**PROBLEM REQUIREMENTS:** Return only the lines of the data below from the line with "A priest in" up to and including the line with "People hold crosses", exactly as written, with the pictures omitted.

**DATASET RECORDS:**

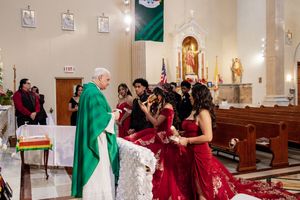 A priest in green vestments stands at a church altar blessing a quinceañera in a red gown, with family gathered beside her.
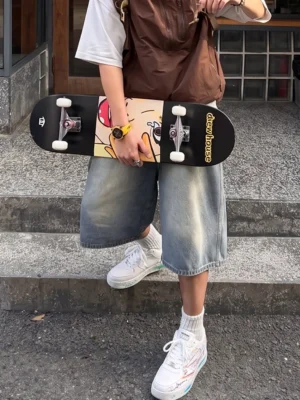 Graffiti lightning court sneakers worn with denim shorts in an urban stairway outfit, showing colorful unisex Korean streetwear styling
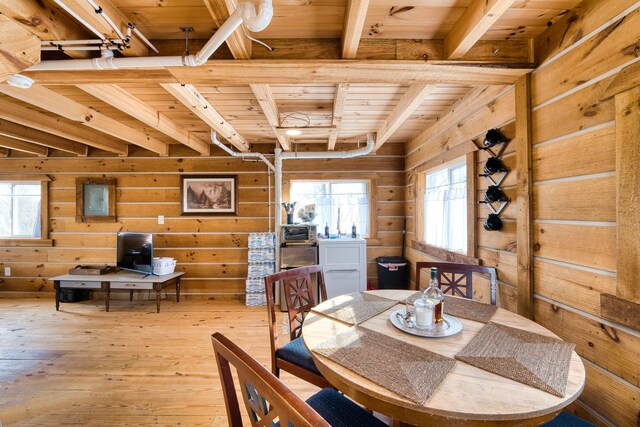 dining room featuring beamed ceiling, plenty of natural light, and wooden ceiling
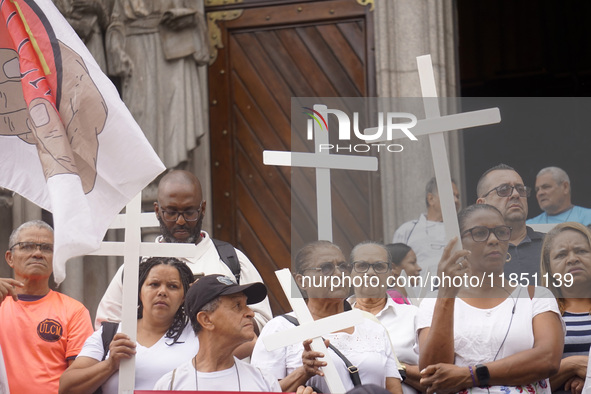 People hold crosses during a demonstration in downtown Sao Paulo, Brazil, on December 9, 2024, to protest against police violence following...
--
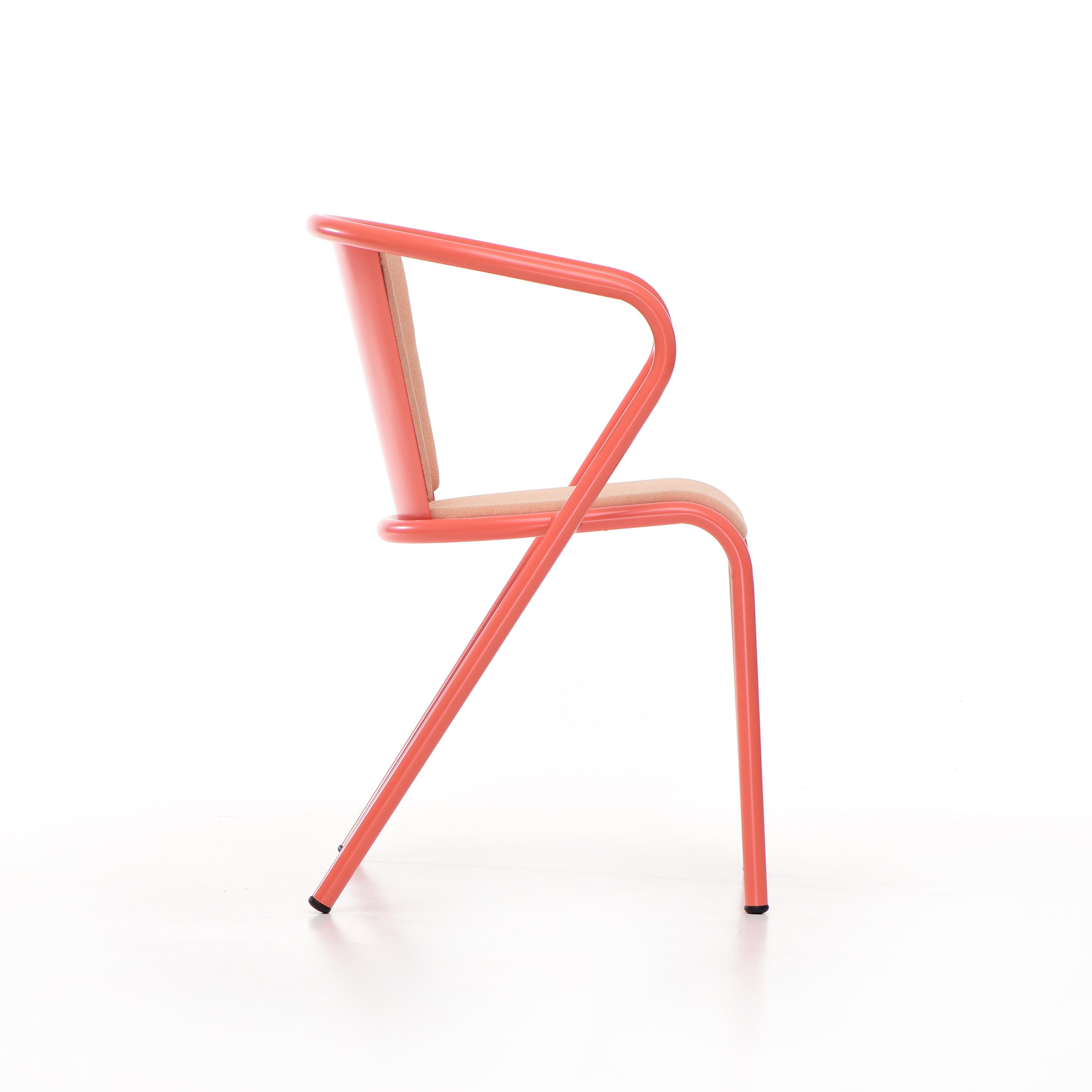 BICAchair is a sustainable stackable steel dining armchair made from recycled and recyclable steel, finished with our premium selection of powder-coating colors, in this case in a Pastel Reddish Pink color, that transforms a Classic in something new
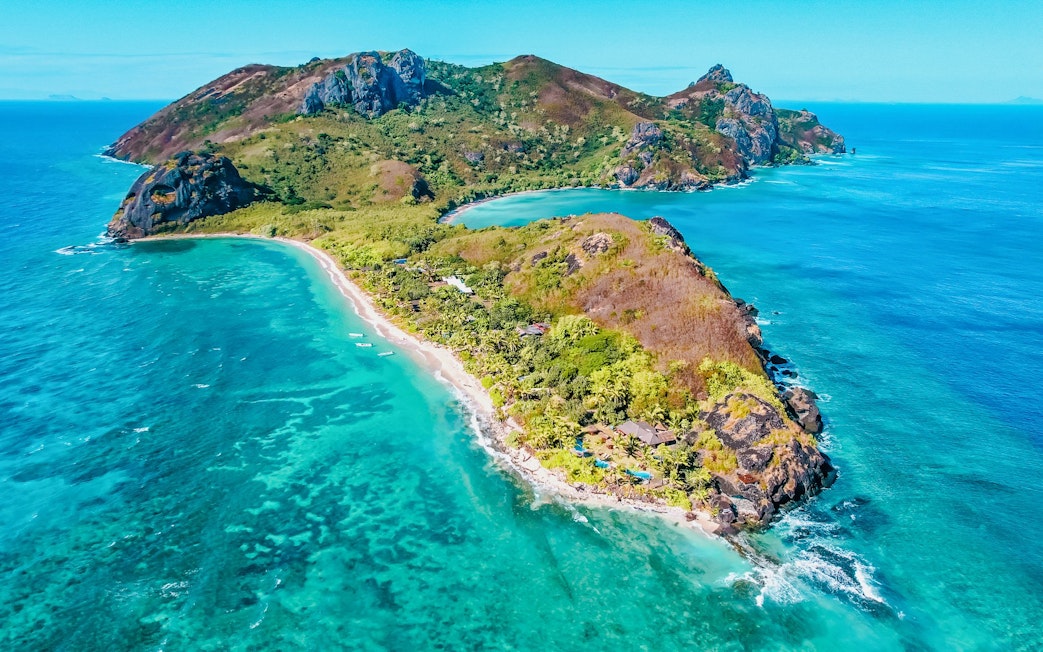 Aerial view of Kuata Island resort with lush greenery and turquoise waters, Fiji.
...
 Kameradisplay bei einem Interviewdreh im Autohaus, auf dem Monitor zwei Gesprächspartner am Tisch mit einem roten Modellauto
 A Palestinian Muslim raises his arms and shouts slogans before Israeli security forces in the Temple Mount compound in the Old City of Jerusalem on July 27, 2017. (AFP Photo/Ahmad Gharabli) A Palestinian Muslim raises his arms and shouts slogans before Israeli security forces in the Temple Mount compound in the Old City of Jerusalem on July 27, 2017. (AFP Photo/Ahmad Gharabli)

**RESPONSE AREA:**
 A priest in green vestments stands at a church altar blessing a quinceañera in a red gown, with family gathered beside her.
 Graffiti lightning court sneakers worn with denim shorts in an urban stairway outfit, showing colorful unisex Korean streetwear styling
 dining room featuring beamed ceiling, plenty of natural light, and wooden ceiling
 People hold crosses during a demonstration in downtown Sao Paulo, Brazil, on December 9, 2024, to protest against police violence following...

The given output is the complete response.